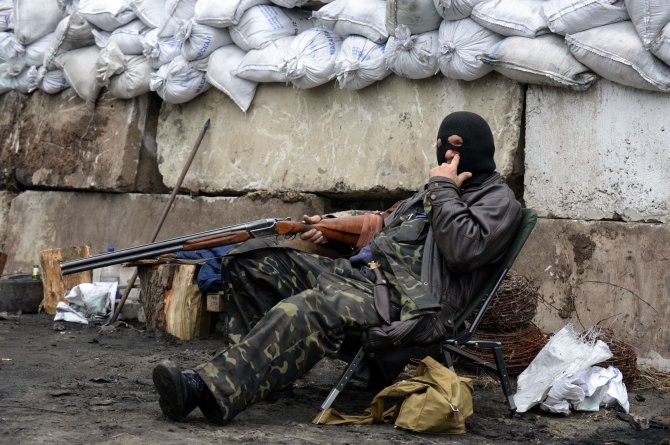 AFP/„Scanpix“ nuotr./Ginkluotas prorusiškas separatistas Slovjanske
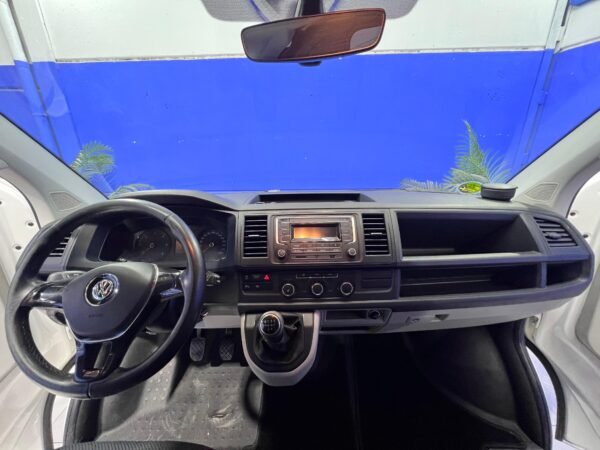 VOLKSWAGEN TRANSPORTER T6 - Imagen 15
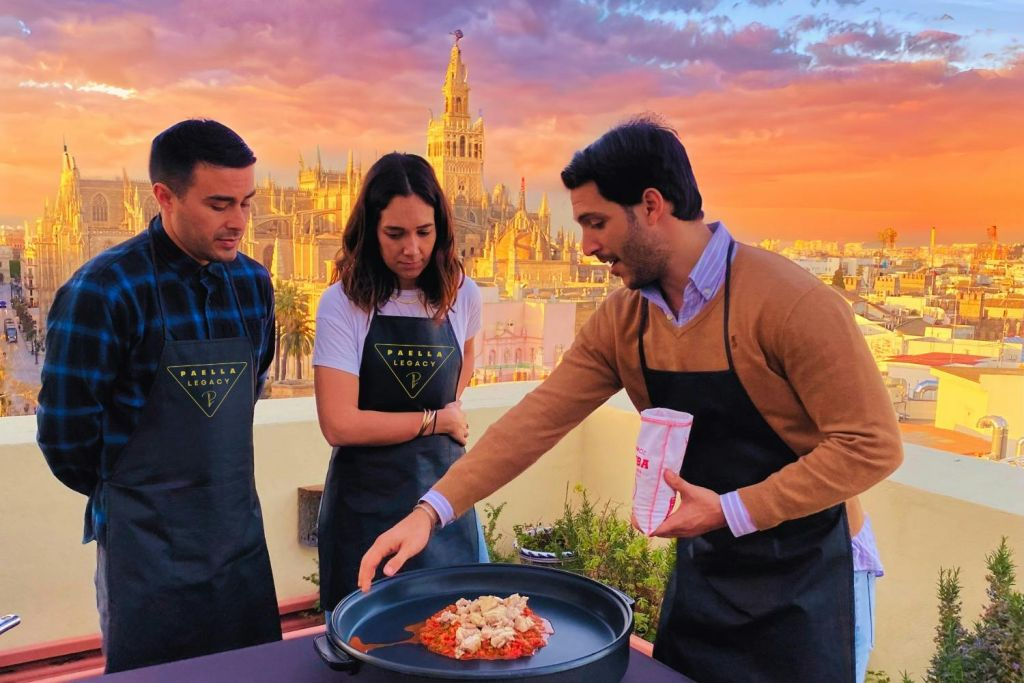 Sevilha: Aula de culinária de paella e visita panorâmica ao telhado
____
• [WORK REQUIRED]: From the first line to the last, write out the data above exactly. Omit the pictures.

• [FINISHED TASK]:
 AFP/„Scanpix“ nuotr./Ginkluotas prorusiškas separatistas Slovjanske
 VOLKSWAGEN TRANSPORTER T6 - Imagen 15
 Sevilha: Aula de culinária de paella e visita panorâmica ao telhado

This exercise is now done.